** Opening DATA FOR ANALYSIS block **
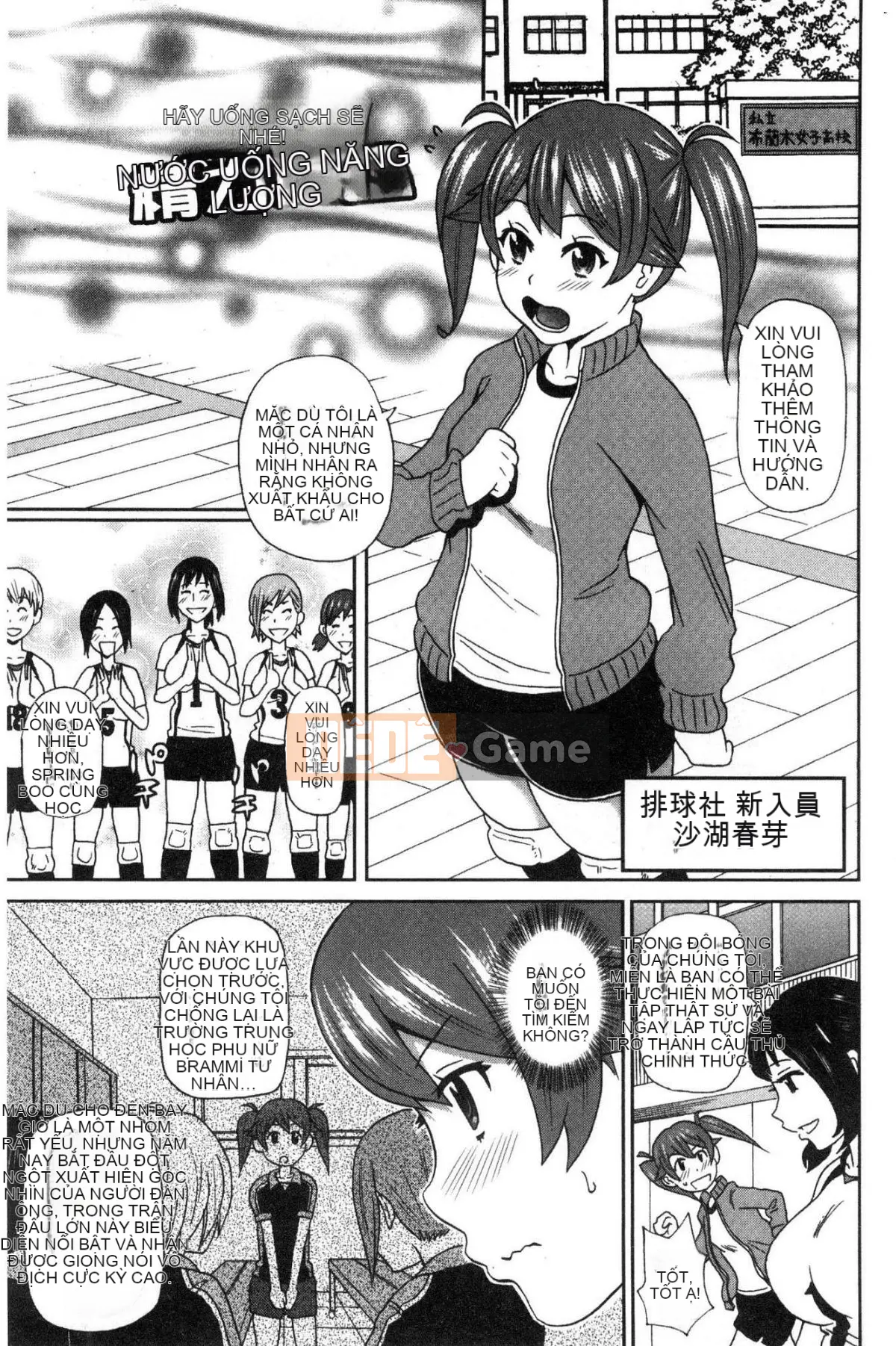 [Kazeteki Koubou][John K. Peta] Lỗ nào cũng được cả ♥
** Closing DATA FOR ANALYSIS block **
** Opening DATA FOR ANALYSIS block **
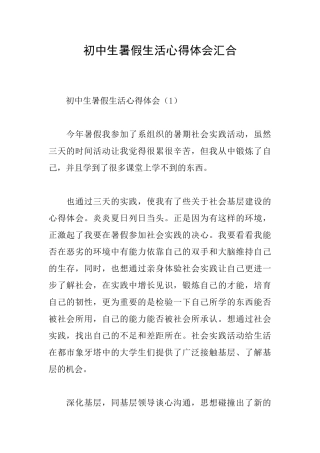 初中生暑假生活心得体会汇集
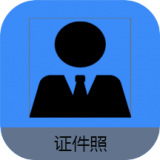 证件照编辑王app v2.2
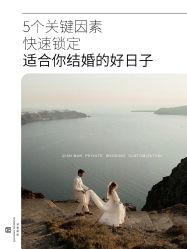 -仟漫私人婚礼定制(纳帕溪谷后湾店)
** Closing DATA FOR ANALYSIS block **
** Opening DATA FOR ANALYSIS block **
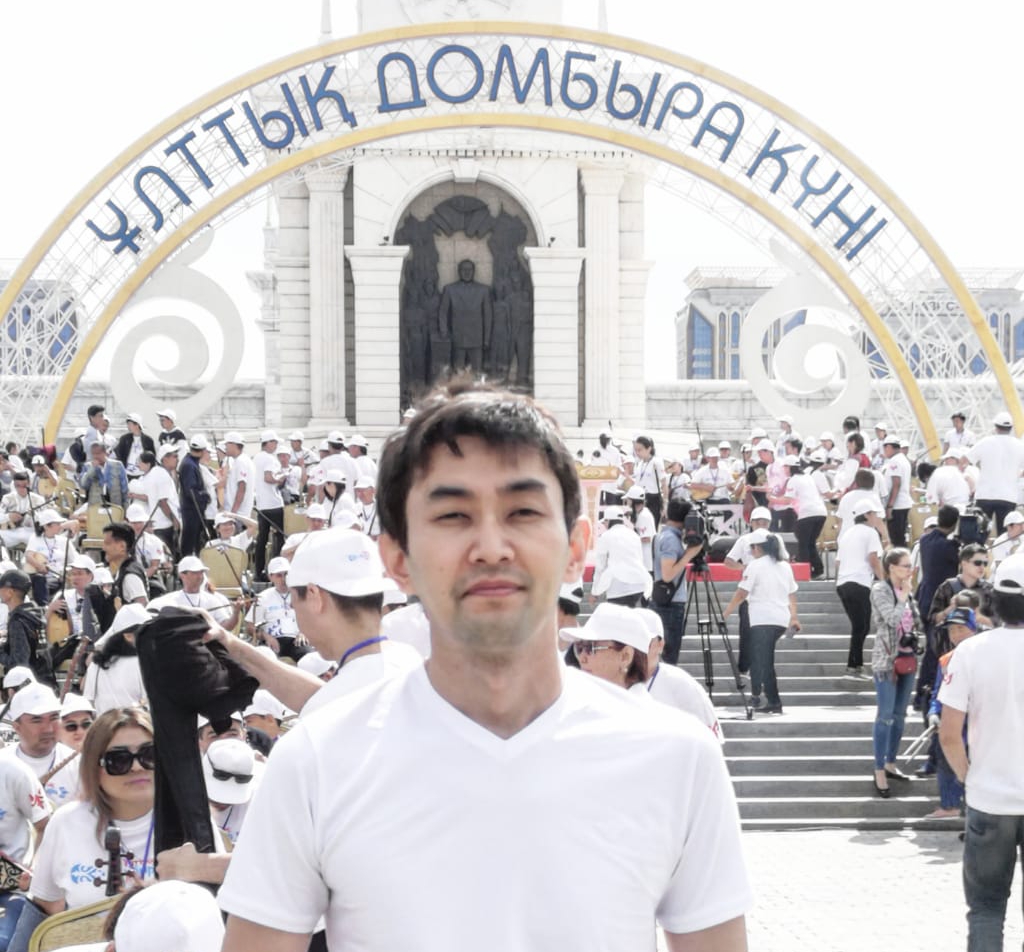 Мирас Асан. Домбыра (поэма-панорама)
** Closing DATA FOR ANALYSIS block **
A clean copy is needed of the lines in the listing above from the one with "初中生暑假生活心得体会汇集" through the one with "-仟漫私人婚礼定制(纳帕溪谷后湾店)", exact in every word and free of pictures.

 初中生暑假生活心得体会汇集
 证件照编辑王app v2.2
 -仟漫私人婚礼定制(纳帕溪谷后湾店)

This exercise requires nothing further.